Responsibilities- Welfare officers must:
1. Be clear about the club’s/league’s responsibilities when running activities for children and young people.
2. Help club/league personnel to recognise that safeguarding is everyone’s responsibility and to actively play their part.
Prerequisites to being a Welfare Officer
To become a club welfare officer you will need to:
- 1. Attend The FA Safeguarding Children and Welfare Officer Workshops. Click here for more information.
- 2. Have an in-date FA Accepted Enhanced with Children’s Barring List Check.
Make sure everyone knows you
To be effective as welfare officer it’s vital that everyone in your club/league knows who you are and how you can be contacted especially the players, parents and coaches. You should sit on the club/league committee and as a club welfare officer you should know your coaches and manager. If you are part of a large or expanding club/league you may wish to encourage the committee to appoint an additional welfare officer(s) to support the work you are doing. We would recommend clubs with more than 10 teams consider having additional welfare officers.

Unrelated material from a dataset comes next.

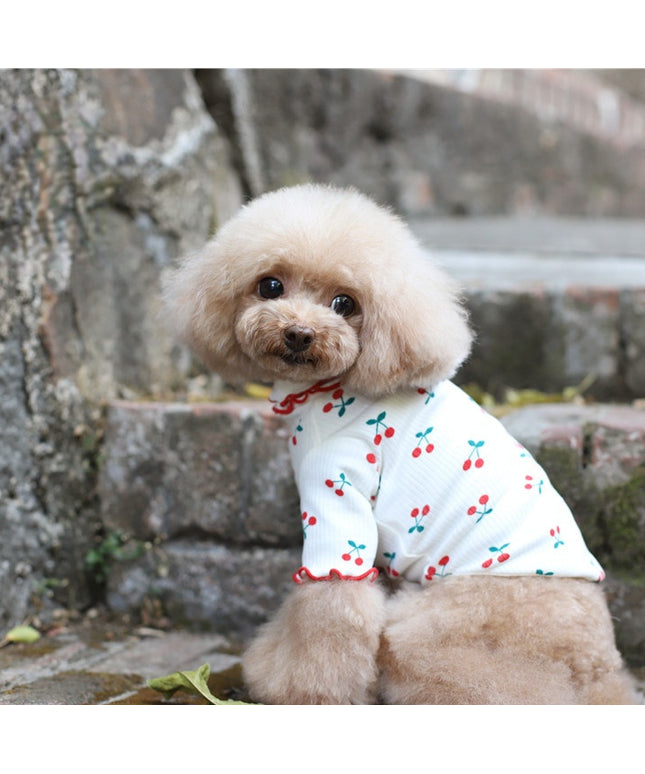 Cherry Print Turtleneck Dog Shirt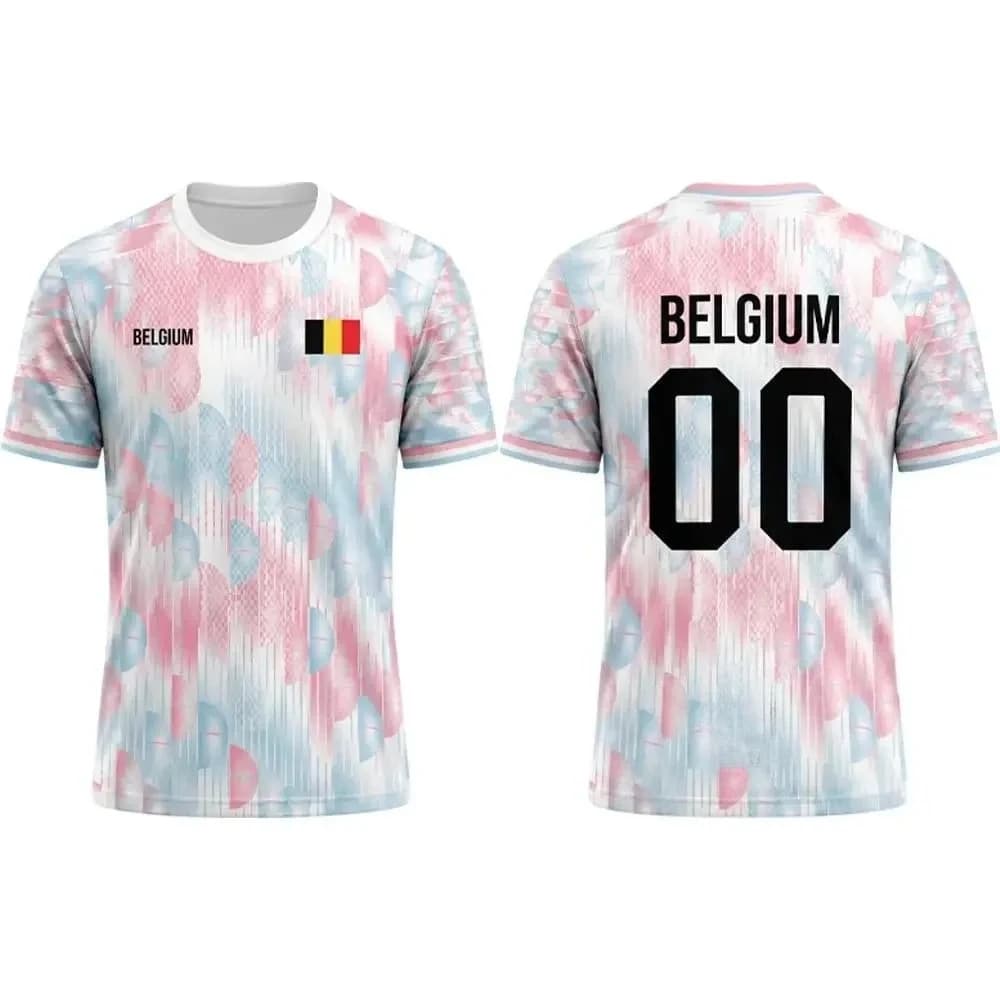 Belgium Flag Printed Football Shirt 2026, Men's Quick Drying Breathable Sports Shirt, Summer, Unisex, Casual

RESPECT is aimed at helping us all to work together to challenge and change unacceptable behaviour on the sidelines and on the pitch. It's a long-term commitment. As a welfare officer you have the chance to make a significant contribution to creating positive change. RESPECT outlines the standard of behaviour that is expected in football for everyone from league officials, players, parents, club officials, coaches and referees. It is all about creating a fun, safe environment and its core principles work in tandem with safeguarding children.
Further advice and support
Every county FA has a designated safeguarding officer (DSO), usually referred to as the County FA welfare officer, This is your first point of contact for advice and support and it is important for you to know who they are and how to contact them.
The counties also host networking sessions so you can meet with the County FA welfare officer and other club and league welfare officers. We strongly encourage you to attend these session to remain current and up-to-date with best practice.